With reference to the Musée d'Orsay, the partial provenance of the work is as follows; although some events are missing, such as the Brussels show in 1874:
- 1860 – owned by Belgian landscape painter Victor de Papeleu who bought it for 1,000 francs;
- 1860 – owned by Alfred Stevens, who paid 2,500 fr.;
- 1860 – owned by Jules Van Praët, Brussels;
- 1864 – Paul Tesse obtained it by exchanging it for La Grande bergère (Shepherdess and flock) by Millet;
- 1865 – owned by Emile Gavet, Paris;
- By 1881, collection John Waterloo Wilson, avenue Hoche, Paris; his sale at hôtel Drouot, 16 March 1881;
- 16 March 1881, Eugène Secrétan, a French art collector and copper industrialist who donated copper for the Statue of Liberty, bidding against M. Dofœr, for 168,000 fr., with fees;
- Secrétan sale (63), 1 July 1889, galerie Sedelmeyer, Paris – bidding war between the Louvre (Antonin Proust) and the American Art Association; James F. Sutton drives the sale price to 553,000 francs;
- 1889 – 1890, collection American Art Association, New York; sale 1890 to the Paris collector and philanthropist, Hippolyte François Alfred Chauchard (1821–1909), for 750,000 fr.;
- 1890 – 1909, collection Alfred Chauchard;
- 1909: Chauchard bequest of 1906 to the French State; formally accepted 15 January 1910 into the permanent collection of the musée du Louvre, Paris;
- 1986 – transferred to the permanent collection of musée d'Orsay, Paris.

==Legacy==
A month after the Secretan sale, The Gleaners was sold for 300,000 francs, and the contrast between the auction prices of Millet's paintings on the art market and the value of Millet's estate for his surviving family led to the droit de suite (French for "right to follow"), a French law that compensates artists or their heirs when artworks are resold.

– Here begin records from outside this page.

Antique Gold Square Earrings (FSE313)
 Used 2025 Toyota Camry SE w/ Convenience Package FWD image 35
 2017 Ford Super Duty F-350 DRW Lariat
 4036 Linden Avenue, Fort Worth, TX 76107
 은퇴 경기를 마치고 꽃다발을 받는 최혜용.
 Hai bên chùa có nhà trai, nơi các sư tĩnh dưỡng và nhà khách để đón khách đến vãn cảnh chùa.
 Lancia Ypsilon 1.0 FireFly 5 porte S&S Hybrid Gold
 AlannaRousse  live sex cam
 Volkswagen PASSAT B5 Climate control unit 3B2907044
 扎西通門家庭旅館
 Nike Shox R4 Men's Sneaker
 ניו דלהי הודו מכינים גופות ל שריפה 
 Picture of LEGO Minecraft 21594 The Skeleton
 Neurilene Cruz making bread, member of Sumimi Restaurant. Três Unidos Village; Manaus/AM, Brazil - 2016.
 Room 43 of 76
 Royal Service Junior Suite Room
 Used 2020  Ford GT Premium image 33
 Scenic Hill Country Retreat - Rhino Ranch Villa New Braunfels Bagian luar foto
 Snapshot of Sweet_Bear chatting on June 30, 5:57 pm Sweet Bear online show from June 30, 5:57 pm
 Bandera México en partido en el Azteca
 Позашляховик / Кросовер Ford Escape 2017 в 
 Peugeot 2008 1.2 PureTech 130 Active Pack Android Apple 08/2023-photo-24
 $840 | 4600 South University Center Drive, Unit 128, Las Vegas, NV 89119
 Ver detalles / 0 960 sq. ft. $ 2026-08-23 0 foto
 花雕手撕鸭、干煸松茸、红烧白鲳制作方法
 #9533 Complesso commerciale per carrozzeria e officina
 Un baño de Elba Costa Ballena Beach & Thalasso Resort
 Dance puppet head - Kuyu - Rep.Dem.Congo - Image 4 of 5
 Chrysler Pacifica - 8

The imagery of The Angelus with peasants praying was a popular sentimental 19th-century religious subject. Generations later, Salvador Dalí had seen a reproduction of it on the wall of his childhood school and claimed to have been spooked by the painting. He felt the basket looked like the coffin of a child and the woman looked like a praying mantis. He was inspired to create his paranoiac-critical paintings The Architectonic Angelus of Millet and Gala and the Angelus of Millet Preceding the Imminent Arrival of the Conical Anamorphoses in 1933. These were followed two years later by a similar pair of paintings which included a partial reproduction of Millet's The Angelus, called The Angelus of Gala and Archaeological Reminiscence of Millet's Angelus. In 1938, he published a book Le Mythe tragique de l'Angélus de Millet.